EXERCISE PROMPT: From the line that contains "2020 Hyundai Sonata" to the final line of the records below, print each line exactly and leave every picture out.

DATA PROVIDED:
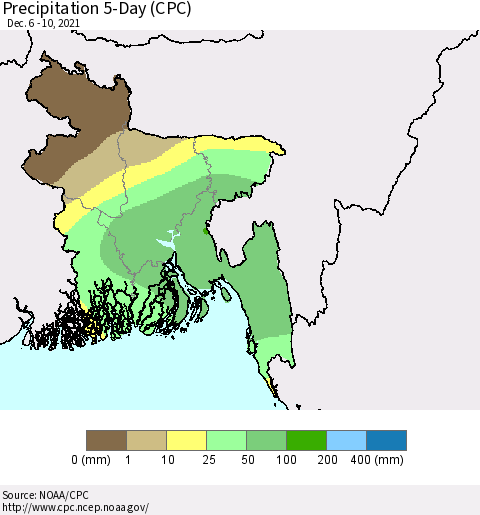 Bangladesh Precipitation 5-Day (CPC) Thematic Map For 12/6/2021 - 12/10/2021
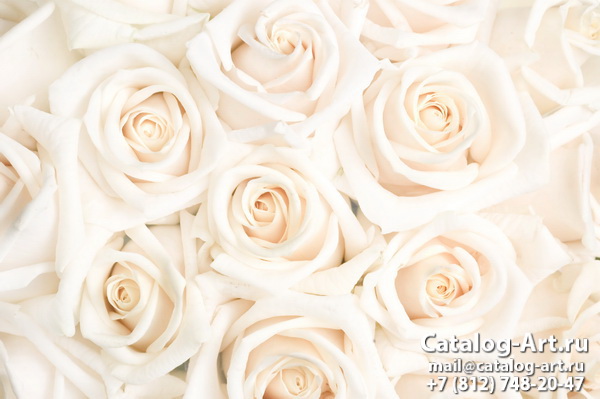 Натяжные потолки с фотопечатью - Белые розы 34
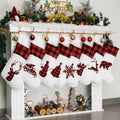 Christmas Stocking Set of 8 20in Plaid Rustic Family Stockings - Large
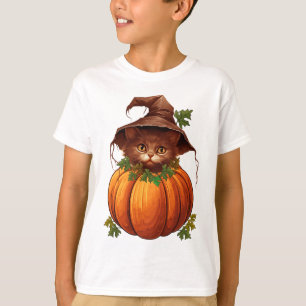 CUTE FUNNY CAT PUMPKIN T-Shirt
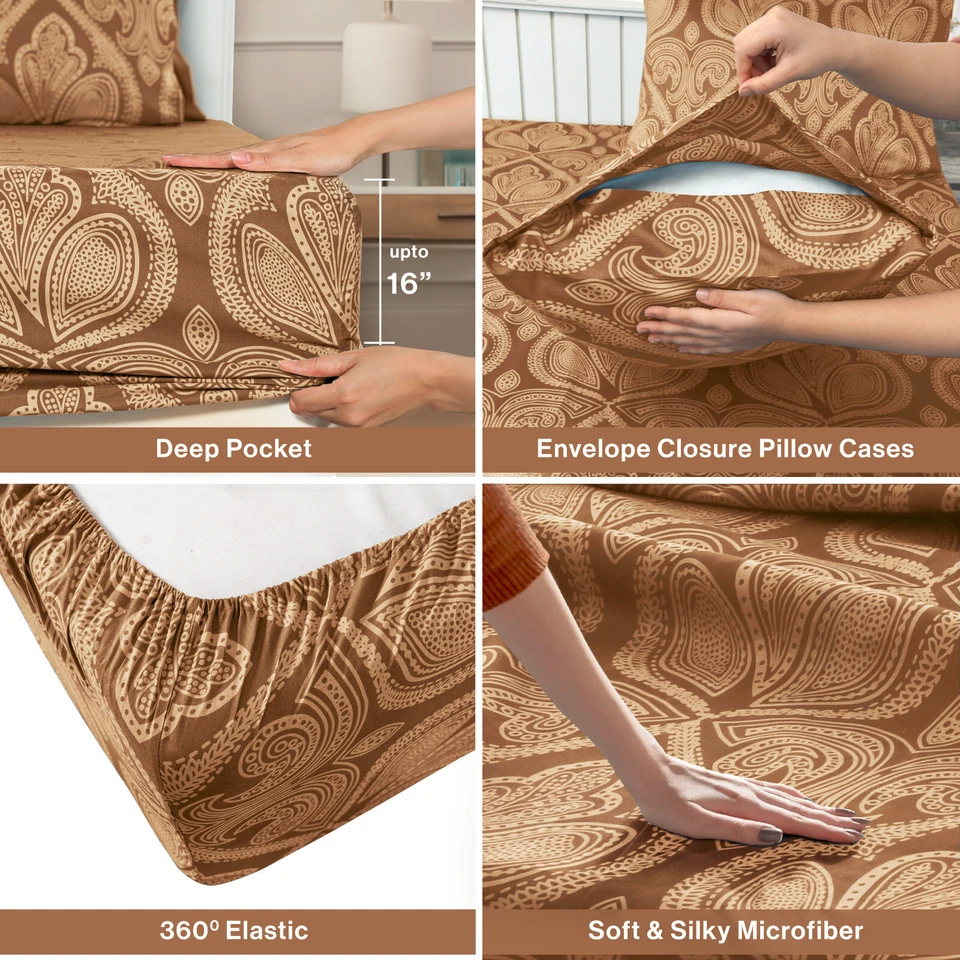 6 Piece Bed Sheets Set Luxury Microfiber Ultra Soft Deep Pocket Bedding Sets - Image 3 of 4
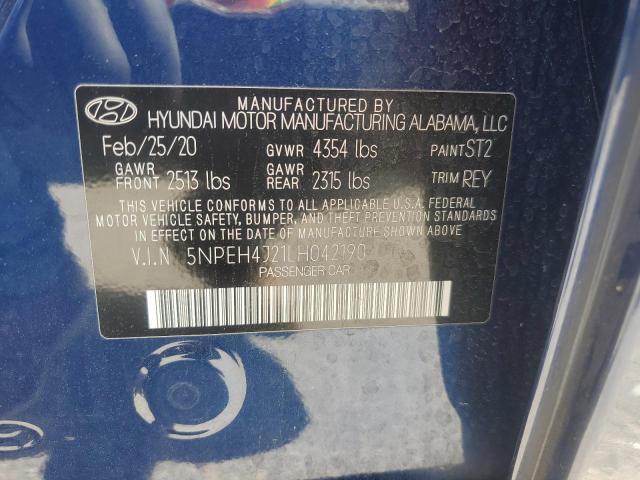 2020 Hyundai Sonata Limited VIN: 5NPEH4J21LH042190 Lot: 58725984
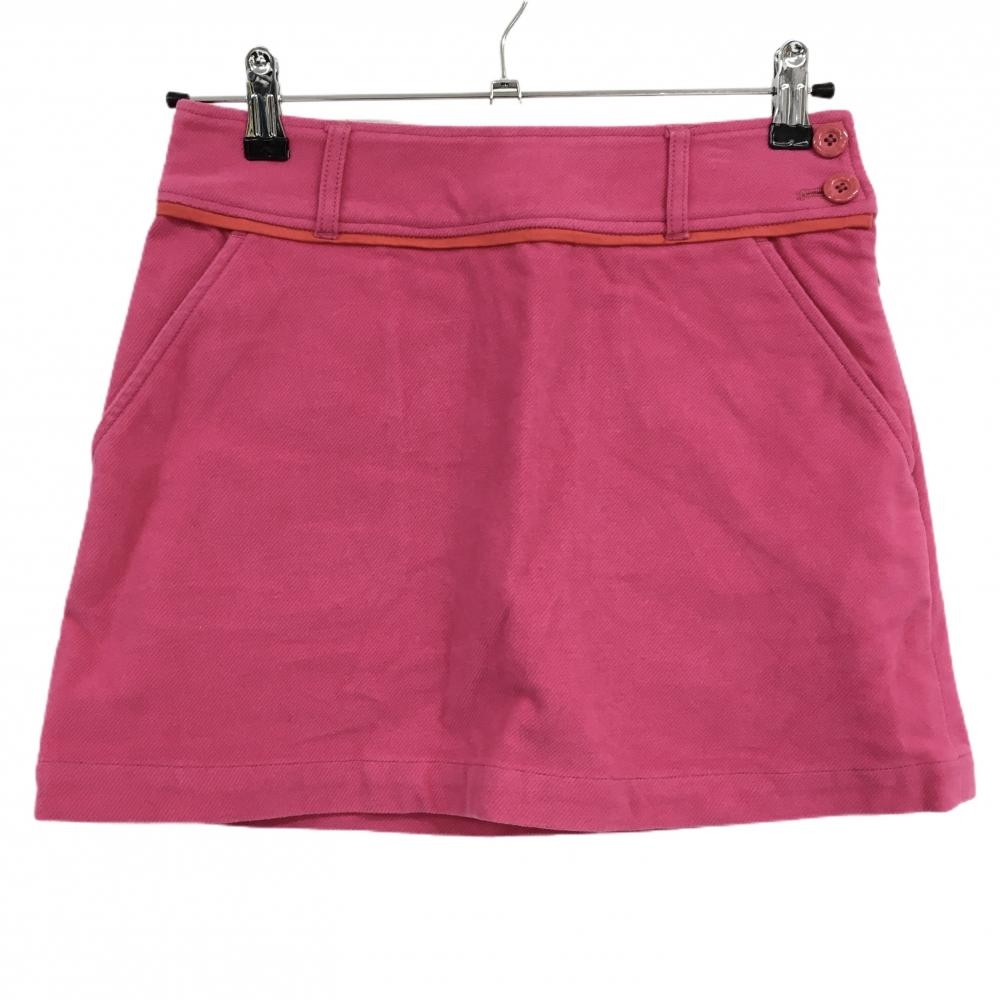 ルコックゴルフ コーデュロイスカート ピンク×レッド バックロゴ  レディース 7 ゴルフウェア le coq sportif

YOUR SOLUTION:
 2020 Hyundai Sonata Limited VIN: 5NPEH4J21LH042190 Lot: 58725984
 ルコックゴルフ コーデュロイスカート ピンク×レッド バックロゴ  レディース 7 ゴルフウェア le coq sportif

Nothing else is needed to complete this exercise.